- Decades:: 2000s; 2010s; 2020s;
- See also:: History of Massachusetts; Historical outline of Massachusetts; List of years in Massachusetts; 2025 in the United States;

= 2025 in Massachusetts =

The following is a list of events of the year 2025 in Massachusetts.

== Incumbents ==
===State government===
- Governor: Maura Healey (D)

==Events==
- February 12–20 – 2025 4 Nations Face-Off
- March 24 – The Fall River/New Bedford Line opens as the first phase of the South Coast Rail project.
- March 25 – Tufts University student Rümeysa Öztürk is detained by Homeland Security agents near her home in Somerville. The same day, a protest against her detention is held in nearby Cambridge. Öztürk had written a pro-Palestinian op-ed, but was otherwise not known to be involved in protests.
- April 2 – A protest against Rümeysa Öztürk's detention is held in Boston. Mayor Michelle Wu and State Attorney General Andrea Campbell are among the participants.
- May 8 – Immigration and Customs Enforcement (ICE) pulls a vehicle over containing two sisters in Worcester, later joined by the Worcester Police Department. Protesters gather during the operation. In total, three people are arrested; a Brazilian national who is the mother of the sisters is arrested by ICE. Worcester Police arrest the woman's 17-year-old daughter and a local school board candidate and protester.
- May 22 – The Trump administration bars Harvard University from enrolling international students. The DHS says foreign students currently enrolled at Harvard must transfer to other institutions. A federal judge blocks the order.
- June 4 – Worcester City Councilor Etel Haxhiaj is arrested in connection to the ICE raid that occurred May 8. She is charged with assault and battery on a police officer.
- June 18 – Karen Read, who was charged with murder in the death of her boyfriend, Boston Police Officer John O'Keefe in Canton, is found not guilty on the three major charges, though she is found guilty of operating under the influence.
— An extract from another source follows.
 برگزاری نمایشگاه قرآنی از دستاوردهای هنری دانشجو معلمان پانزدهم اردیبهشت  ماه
- July 13 – A fire at an assisted-living facility in Fall River kills ten people.
- July 25 – Concession workers at Fenway Park and MGM Music Hall go on strike.
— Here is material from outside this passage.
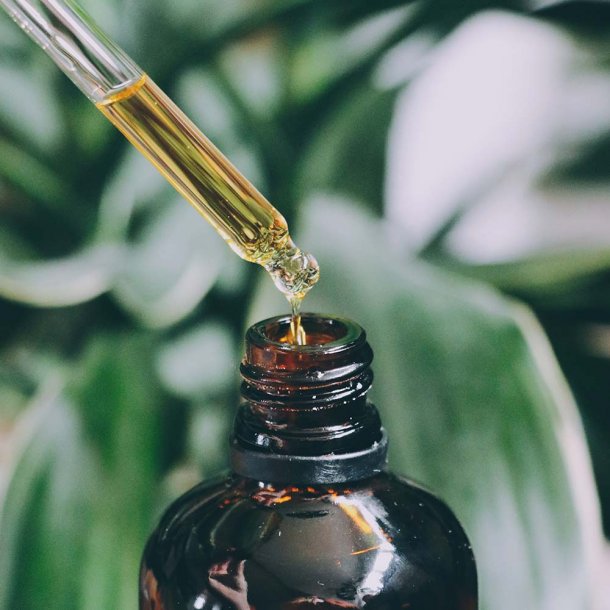 Raw Roots Hydrating Oil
- September 4 – The Trump administration sues the city of Boston over its sanctuary city laws.
- September 18 – Massachusetts and nine other Northeastern states announce the formation of the Northeast Public Health Collaborative, a coalition of local health leaders.
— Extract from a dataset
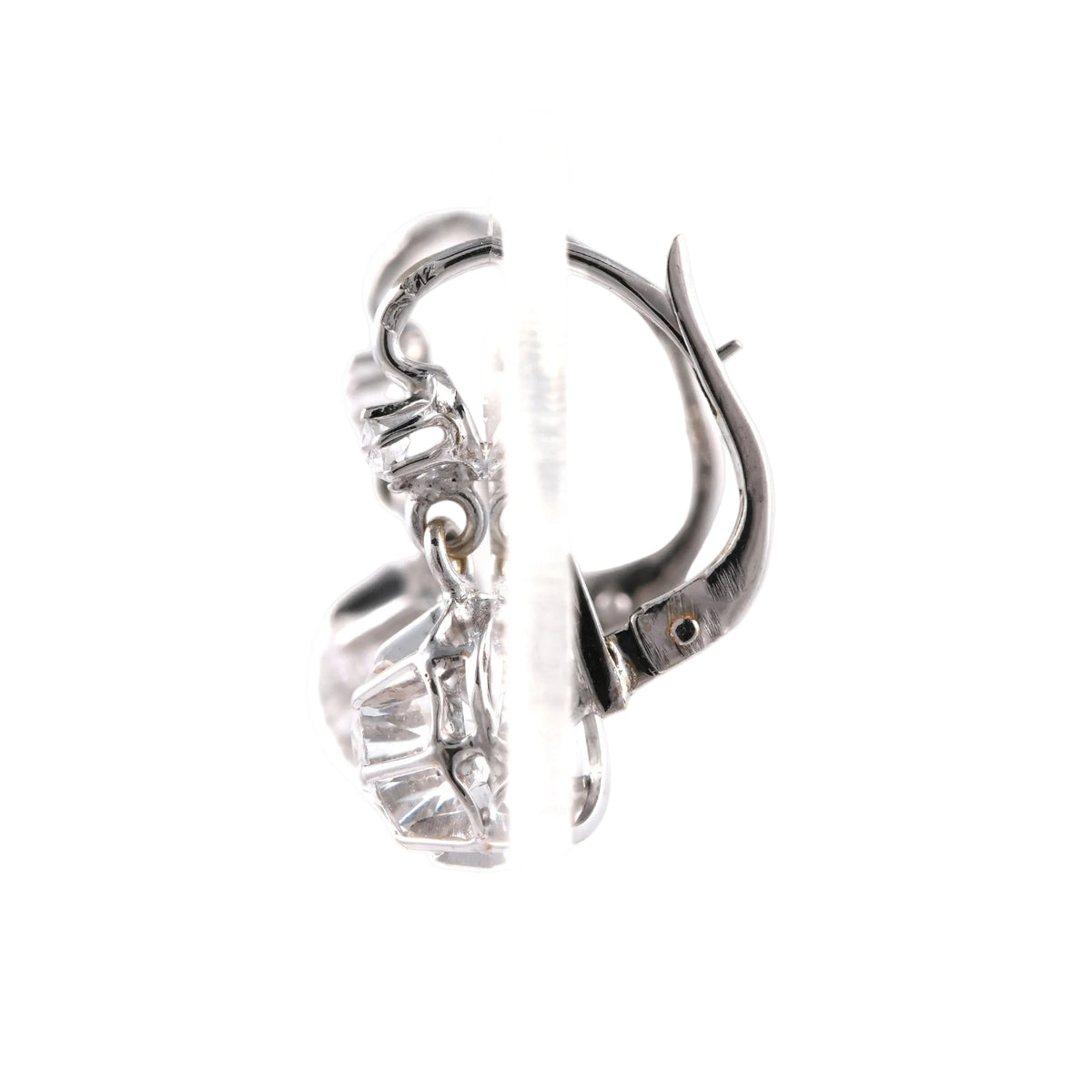 Boucles d'oreilles Dormeuses en or blanc et zirconiums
- November 1 – An intentional explosion caused by a Roman candle is reported at a medical building at Harvard University. No injuries are reported. Two men are arrested days later.
- November 4 – 2025 Boston mayoral election: Incumbent Mayor Michelle Wu wins reelection in an unopposed race.
- December 15 – Nuno F. Loureiro, the director of the Massachusetts Institute of Technology's Plasma Science and Fusion Center, is shot and killed at his home in Brookline. The gunman, who days earlier had killed two people in a shooting at Brown University, dies by suicide in New Hampshire on December 18.